Nous nous rapprochons lentement de l’impressionnant et majestueux rocher Percé, celui qui a tant fasciné André Breton lors de son passage en Gaspésie à l’été 1944. Il le décrit dans Arcane 17 comme « une nef toujours impérieusement commandée […] frétée pour le plus vertigineux des voyages au long cours » et nous invite aussi à découvrir l’île Bonaventure où le« repos des oiseaux épouse les anfractuosités de cette muraille à pic ».

Jack Waterman, l’alter ego de Jacques Poulin, s’est lui aussi rendu jusqu’à Percé à bord de son bibliobus lors de sa Tournée d’automne (Leméac) en 1993. De là, il a pris la première barque qui partait pour l’île Bonaventure pour assister au spectacle grandiose que nous offrent les fous de l’île : « Entre le bord de la falaiseet une clôture de bois s’agglutinaient, en une masse mouvante et piaillante, plusieurs milliers d’oiseaux à la tête blanche casquée de jaune; ils pointaient le bec en direction de leurs congénères qui tournaient au-dessus d’eux, venant de la mer bleu foncé où ils avaient plongé pour attraper un poisson. »

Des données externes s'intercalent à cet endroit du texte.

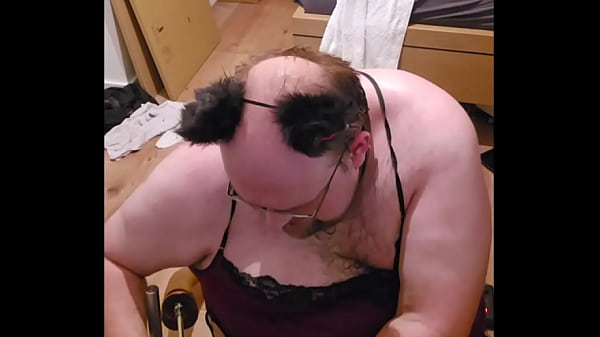 Image Chubby sissy gets fucked by BBC fuckmachine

Jack s’était aussi arrêté dans la baie de Gaspé une dizaine d’années plus tôt, dans son Volkswagen blues (Leméac). Il y avait trouvé « des bancs de brume sur la baie » et avait vu le soleil se lever avant de reprendre la route qui le mènera bien plus tard jusqu’à San Francisco.

La Haute-Gaspésie
Nous longeons maintenant le littoral nord et accompagnerons la poète Laure Morali jusqu’à Cap-Chat. Avec elle, nous allons écouter les gens nous parler de« l’eau devant la porte, de la montagne et des forêts derrière les fenêtres… »Nous allons voir le décor prendre vie sous sa plume: « Il est des presqu’îles au pelage d’herbes souples qui allongent de lourdes pattes vers l’horizon, comme des lionnes au repos. Certaines pointes ont une posture d’affût. On les dirait prêtes à saisir les bateaux dans leurs griffes de récifs pour les étouffer contre leur flanc… »  (La route des vents, La part commune)

Métis Beach
Nous voilà déjà à la fin du parcours. Tant de kilomètres parcourus, de livres sillonnés. Bientôt la boucle sera bouclée. Nous traversons Métis Beach et ses « pins majestueux, les épinettes, les haies de cèdres centenaires, et les grandes demeures d’été avec leur court de tennis… […] la végétation […] dense et vigoureuse ». Nous aurons droit pour notre retour, comme un cadeau du ciel,« à un de ces couchers de soleil rouges flamboyants. »(Métis Beach, Claudine Bourbonnais, Boréal)

Savourons le spectacle.

C’est ici qu’on se quitte. J’espère que vous avez fait bon voyage!